Seriously. I saw this claim from a few different sources.
John Bird
@Holden Pattern:
Where is my conspiracy theory? What is my conspiracy theory? I am really dying to know.
Are you seriously saying that Congressmen sneaking through pet bills to help shady business go down unnoticed is an unbelievable conspiracy? As you pointed out, it happens almost every damn day the fuckers are in session.
duck-billed placelot
Yes, widespread concerns about document fraud in foreclosure cases would probably not be at all affected by race-to-the-bottom style notarization rules. I mean, the notaries in Florida are just sitting idle now! They could be foreclosing thousands of homes if this bill had been signed into law!
General Stuck
@joe from Lowell:
Well yea, I know wingnuts, or some of them were clinging to the found wmd meme, especially taken to Syria scheme.
I just wasn’t sure what Bird was saying, I guess accusing some of us, or at least me, like on another thread of believing the same, or something. related to this issue.
Holden Pattern
@joe from Lowell:
Really? How? What exactly is the mechanism?
And the banksters aren’t all aware of this now? They’re that stupid that they don’t already know how to make up documents and commit fraud in every state? If anything, it would be EASIER to peg probable fraud if you knew where that a certain shop was a fraud factory.
Look, the fraud here is criminal. Absolutely criminal. But I don’t see how this particular innocuous bill is going to make it worse. Maybe somehow it could, but I’ve really not seen a clear mechanism explained.
RSR
@Holden Pattern: “he banksters were fraudulently notarizing the fraudulent documents in-state, using physical notary stamps issued in accordance with state law. The bad bad unspecified but very bad things that might bad happen if this interstate bad notary bill passed bad would have had exactly ZERO effect on this criminal behavior.”
yup
In the long term, recognizing out of state notaries as valid really makes sense.
This is a timing issue. In more than one way. Why did it suddenly flow through on a voice vote after languishing for a decade?
But are we going to start questioning out of state marriages because we don’t know the celebrant who participated in the ceremony? “Father Bob? Never heard of him; I’m challenging that you two are legally married!”
I agree that holding up on signing the bill into law is the right action at this point.
Currently, institutions are abusing flaws in the accountability of the system. But it’s the institutions, not the system, that are acting unlawfully here. And prosecution is the recourse.
(hahaha, like I really believe any bank officers will really suffer; sorry. What should happen and what will happen are likely far apart.)
PS my mom is a notary, primarily for our small business selling cemetery memorials. It’s important to us and important for grieving families. Abusing it would be unethical and sacrilegious.
General Stuck
@Holden Pattern:
You and me both, but somehow for Mr.
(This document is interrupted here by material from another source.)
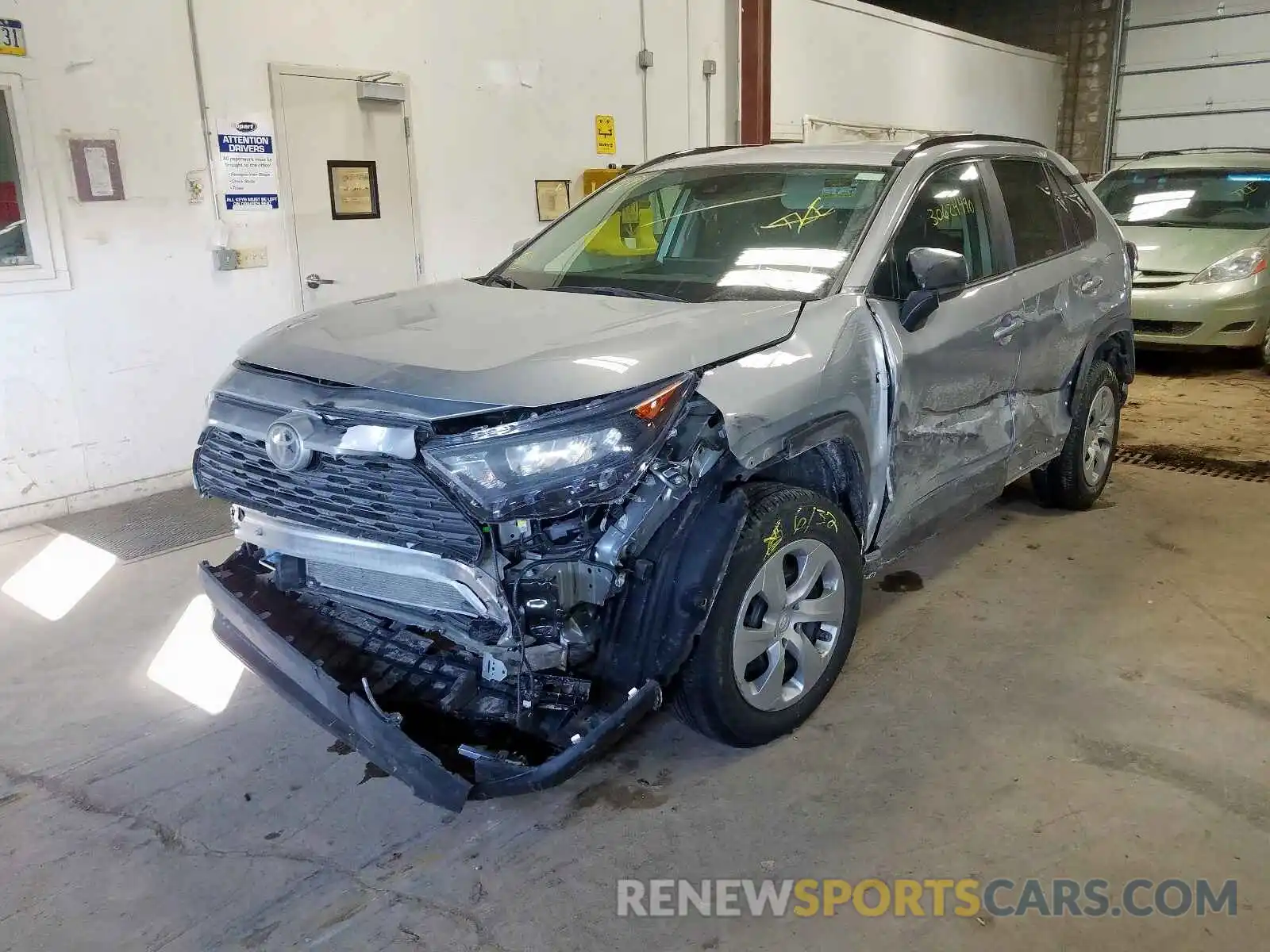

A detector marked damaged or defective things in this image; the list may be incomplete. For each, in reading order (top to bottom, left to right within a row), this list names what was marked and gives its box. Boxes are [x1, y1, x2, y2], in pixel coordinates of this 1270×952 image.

Bird, that equates to believing there was wmd in Iraq, at least as an analogy, or fucking something.
John Bird
@joe from Lowell:
Oh, yeah, just a couple of nuts.
Those are real, genuine, U.S. politicians! A Congressman and a Senator! They wouldn’t lie to us! What reason would they have?
Dungheap
@Holden Pattern:
I get what you’re saying, but its a whole lot easier to commit fraud without anybody knowing about it if you use a small stable of notaries in North Dakota for all your fraudulent documents instead of being required to have local notaries in every state in which you conduct business.
Holden Pattern
@John Bird: I’m saying that the bill PASSED BY VOICE VOTE IN THE LAST TWO CONGRESSES. So the theory that it’s suddenly important to pass by voice vote for some nefarious purpose is shaky at best.
Look, this whole discussion shows exactly how fucked up the entire system is. One simple bill which has been introduced four times since 1998 to make certain kinds of interstate commerce easier blows up into OMIGOD THE BANKSTERS THE BANKSTERS ARE COMING!!!!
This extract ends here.